Efficient algorithm: isPrime() is called once for each prime number after N 
----
m1, m2, m3 = 2, 2, 2
cur = n
while True:
    if isPrime(cur):
        m1,m2,m3 = m2, m3, cur
	if (m3 - m1 == 6) 
            find the prime triplet, exit
    cur = cur + 1
----

The complexity is in the isPrime function. Generic isPrime function like
the one below performs a lot of redundant mod operations - a lot of i
and i+2 are not prime numbers. This is dominating the run time. So to
have good performance, we need to have an isPrime function that performs
the least amount of mod operations.

Consider complexity, what is the complexity of the generic isPrime function?
The prime number theory says that the number of prime numbers up to N is approximately
N/log(N).

----
def is_prime(n):
    """Check if a number is a prime."""
    if n <= 1:
	return False
    if n <= 3:
        return True
    if n % 2 == 0 or n % 3 == 0:
	return False
    i = 5
    while i * i <= n:
	if n % i == 0 or n % (i + 2) == 0:
	return False
	i += 6
    return True
----

Idea for improvement:

1) Build a list of primes up to sqrt(N+100000) -- assume that the prime
triplet will be no bigger than N + 100000

2) Use a isPrime(x) function that only check whether x is divisible by
prime numbers only - by definition, this is the least number of mod
operations that any isPrime() function needs to perform.

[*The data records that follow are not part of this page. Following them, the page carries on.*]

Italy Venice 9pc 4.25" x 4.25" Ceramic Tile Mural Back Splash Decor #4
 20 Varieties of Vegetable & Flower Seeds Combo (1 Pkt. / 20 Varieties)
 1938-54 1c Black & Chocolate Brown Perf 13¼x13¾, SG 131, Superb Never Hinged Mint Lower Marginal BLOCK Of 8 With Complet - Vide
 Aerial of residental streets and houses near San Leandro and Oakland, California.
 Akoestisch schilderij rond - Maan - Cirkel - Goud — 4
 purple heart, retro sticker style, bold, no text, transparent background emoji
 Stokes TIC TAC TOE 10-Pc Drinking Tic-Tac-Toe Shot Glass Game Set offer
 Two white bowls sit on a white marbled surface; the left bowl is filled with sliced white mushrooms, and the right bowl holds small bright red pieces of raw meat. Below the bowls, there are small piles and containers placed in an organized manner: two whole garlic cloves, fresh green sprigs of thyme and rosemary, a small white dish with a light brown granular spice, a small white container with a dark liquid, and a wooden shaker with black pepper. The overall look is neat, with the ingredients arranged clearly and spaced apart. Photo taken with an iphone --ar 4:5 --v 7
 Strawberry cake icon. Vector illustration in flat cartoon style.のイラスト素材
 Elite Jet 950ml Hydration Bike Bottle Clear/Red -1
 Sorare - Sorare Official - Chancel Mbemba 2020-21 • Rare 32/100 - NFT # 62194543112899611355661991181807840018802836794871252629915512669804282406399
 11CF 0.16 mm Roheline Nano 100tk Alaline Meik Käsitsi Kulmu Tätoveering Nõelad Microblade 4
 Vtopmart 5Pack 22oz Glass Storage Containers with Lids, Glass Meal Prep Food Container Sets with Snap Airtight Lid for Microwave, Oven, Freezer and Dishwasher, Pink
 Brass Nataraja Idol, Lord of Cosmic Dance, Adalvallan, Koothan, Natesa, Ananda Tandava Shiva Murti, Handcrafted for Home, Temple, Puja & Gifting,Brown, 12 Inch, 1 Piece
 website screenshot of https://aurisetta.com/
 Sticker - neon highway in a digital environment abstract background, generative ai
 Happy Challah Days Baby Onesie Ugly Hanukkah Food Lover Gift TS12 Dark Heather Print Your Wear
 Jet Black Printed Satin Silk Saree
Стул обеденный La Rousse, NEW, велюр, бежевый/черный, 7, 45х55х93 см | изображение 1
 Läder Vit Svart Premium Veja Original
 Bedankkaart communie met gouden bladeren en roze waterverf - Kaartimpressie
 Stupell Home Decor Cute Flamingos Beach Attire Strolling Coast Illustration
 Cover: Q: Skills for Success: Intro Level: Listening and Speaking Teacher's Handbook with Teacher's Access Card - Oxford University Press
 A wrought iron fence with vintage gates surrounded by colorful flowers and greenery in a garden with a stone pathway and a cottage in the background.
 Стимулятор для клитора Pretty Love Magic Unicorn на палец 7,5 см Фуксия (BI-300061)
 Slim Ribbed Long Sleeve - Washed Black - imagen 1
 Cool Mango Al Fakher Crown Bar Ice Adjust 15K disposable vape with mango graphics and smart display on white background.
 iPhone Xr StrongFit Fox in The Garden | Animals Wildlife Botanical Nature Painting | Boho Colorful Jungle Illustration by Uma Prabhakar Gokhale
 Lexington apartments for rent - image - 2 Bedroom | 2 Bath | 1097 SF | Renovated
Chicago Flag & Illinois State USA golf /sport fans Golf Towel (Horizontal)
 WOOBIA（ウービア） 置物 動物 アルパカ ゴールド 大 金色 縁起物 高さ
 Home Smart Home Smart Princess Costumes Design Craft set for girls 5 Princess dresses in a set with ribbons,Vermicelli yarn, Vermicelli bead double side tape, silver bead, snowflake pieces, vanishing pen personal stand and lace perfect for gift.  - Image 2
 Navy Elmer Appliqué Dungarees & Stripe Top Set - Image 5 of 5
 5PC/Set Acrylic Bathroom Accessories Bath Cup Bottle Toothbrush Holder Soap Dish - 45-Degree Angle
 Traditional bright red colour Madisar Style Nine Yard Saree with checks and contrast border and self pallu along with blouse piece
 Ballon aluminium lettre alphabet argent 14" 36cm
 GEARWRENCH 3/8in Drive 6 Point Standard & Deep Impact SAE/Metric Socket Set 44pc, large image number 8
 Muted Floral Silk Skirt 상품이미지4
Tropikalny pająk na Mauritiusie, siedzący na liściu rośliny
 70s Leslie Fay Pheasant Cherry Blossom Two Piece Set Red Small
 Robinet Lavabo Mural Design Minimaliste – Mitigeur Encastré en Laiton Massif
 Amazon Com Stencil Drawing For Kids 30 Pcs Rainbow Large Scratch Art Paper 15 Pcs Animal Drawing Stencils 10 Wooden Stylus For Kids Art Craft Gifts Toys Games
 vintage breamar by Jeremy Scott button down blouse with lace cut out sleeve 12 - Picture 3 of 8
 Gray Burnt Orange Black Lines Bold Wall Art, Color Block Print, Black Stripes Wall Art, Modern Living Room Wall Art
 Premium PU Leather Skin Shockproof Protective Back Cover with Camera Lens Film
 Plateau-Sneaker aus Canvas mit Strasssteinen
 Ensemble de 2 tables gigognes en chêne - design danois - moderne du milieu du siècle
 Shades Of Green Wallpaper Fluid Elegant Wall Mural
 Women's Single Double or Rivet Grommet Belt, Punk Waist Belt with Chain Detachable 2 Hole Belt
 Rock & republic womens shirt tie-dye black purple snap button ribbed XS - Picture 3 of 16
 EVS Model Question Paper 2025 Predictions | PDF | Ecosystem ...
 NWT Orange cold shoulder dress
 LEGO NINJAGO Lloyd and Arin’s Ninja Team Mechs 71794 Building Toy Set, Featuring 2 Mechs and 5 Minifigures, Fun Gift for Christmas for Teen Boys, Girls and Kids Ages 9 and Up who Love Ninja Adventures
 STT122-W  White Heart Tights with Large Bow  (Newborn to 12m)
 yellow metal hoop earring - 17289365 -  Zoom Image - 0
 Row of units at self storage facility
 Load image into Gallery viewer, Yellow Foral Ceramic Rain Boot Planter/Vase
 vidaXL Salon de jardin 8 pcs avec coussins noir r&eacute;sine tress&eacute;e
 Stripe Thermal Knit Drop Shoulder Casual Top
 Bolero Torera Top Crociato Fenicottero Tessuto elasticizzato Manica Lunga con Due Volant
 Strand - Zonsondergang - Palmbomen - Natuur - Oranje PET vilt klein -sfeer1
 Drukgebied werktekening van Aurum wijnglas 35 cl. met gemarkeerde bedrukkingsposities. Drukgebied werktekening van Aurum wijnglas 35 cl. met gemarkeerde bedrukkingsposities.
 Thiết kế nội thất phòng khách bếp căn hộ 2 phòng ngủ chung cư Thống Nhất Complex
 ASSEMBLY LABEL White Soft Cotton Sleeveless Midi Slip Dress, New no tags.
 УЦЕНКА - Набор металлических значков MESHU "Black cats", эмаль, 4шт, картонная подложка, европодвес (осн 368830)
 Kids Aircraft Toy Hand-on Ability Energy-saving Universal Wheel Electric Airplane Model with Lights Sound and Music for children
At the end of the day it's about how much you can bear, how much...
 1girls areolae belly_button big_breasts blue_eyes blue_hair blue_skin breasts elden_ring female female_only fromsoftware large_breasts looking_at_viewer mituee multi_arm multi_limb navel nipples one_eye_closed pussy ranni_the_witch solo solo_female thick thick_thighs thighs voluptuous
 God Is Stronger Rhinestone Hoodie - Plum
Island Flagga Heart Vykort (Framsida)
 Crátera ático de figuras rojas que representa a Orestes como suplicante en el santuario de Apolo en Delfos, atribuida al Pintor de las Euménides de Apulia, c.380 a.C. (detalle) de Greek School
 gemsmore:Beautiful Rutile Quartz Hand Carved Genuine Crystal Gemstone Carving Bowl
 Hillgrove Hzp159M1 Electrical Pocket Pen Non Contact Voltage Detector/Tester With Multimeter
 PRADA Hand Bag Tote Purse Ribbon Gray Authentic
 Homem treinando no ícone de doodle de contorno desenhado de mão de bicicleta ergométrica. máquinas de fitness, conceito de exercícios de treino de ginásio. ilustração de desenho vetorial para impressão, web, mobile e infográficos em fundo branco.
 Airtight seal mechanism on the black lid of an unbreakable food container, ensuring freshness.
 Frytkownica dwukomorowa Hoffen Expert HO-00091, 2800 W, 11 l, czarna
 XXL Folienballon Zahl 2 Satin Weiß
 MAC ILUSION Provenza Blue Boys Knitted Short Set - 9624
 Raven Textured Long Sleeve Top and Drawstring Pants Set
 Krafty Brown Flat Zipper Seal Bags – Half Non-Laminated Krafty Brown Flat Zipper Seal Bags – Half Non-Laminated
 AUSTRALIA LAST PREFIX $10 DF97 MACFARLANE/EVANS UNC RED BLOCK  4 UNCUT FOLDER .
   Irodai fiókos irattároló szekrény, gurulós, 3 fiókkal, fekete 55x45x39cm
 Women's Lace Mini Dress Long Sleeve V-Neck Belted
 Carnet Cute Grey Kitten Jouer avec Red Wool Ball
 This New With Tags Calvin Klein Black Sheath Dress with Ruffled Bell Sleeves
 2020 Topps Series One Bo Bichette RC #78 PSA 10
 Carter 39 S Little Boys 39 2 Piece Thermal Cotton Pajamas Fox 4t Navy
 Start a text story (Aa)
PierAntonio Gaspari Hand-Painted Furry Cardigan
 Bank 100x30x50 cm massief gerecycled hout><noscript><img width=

Final algorithm (in assignment3_provided.py):

-------------
def isPrime(n):
    i=0
    b = int(math.sqrt(n)) + 1
    pLen = len(primes)
    while i < pLen and (primes[i] < b):
        if n % primes[i] == 0:
	    return False
	i = i + 1
    return True

largestPrimeNeeded = int (math.sqrt(n + 100000))
makePrimeList(largestPrimeNeeded)

m1, m2, m3 = 2, 2, 2
cur = n
while True:
    if isPrime(cur):
        m1,m2,m3 = m2, m3, cur
	if (m3 - m1 == 6) 
            find the prime triplet, exit
    cur = cur + 1
-------------

Parallelizing strategy:

1. Find out where the time is spent, both the makePrimeList()
   and the loop to search for the prime triplet takes a lot of time
   -- both need to be parallelized with multiprocessing

2. We discussed how to parallelize makePrimeList() in the class

3. Parallelize the search?
   The sequence algorithm find one new primes number, and check prime triplet

   parallel algorithm can use multiple workers to find all primes numbers in
   a range with each worker finding all primes in a range of a fixed size such as 100:
   worker 0 find primes from in [cur, cur+100), worker 1 find
   primes in [cur+100, cur+200) and so on. In one round all primes
   in [cur, cur + nprocs * 100). The main thread then check if
   prime triplet can be found with this set of primes (sort them if it makes
   easier). If a prime triplet is not found in a round, cur = cur + nprocs * 100 and repeat.

----
start nprocs workers
m1, m2, m3 = 2, 2, 2
cur = n
while True:
      1. Give each worker process a range of X (X=100 or other value) numbers
      to find prime numbers among them, nprocs workers will find
      all primes in [cur, cur + nprocs * X)
      2. Get all primes found, sort them.
      3. consider all the primes found to see if the smallest prime triplet
         is found
      4. If yes, output and done
      5. If not, cur = cur + nprocs * X, back to the while loop.
----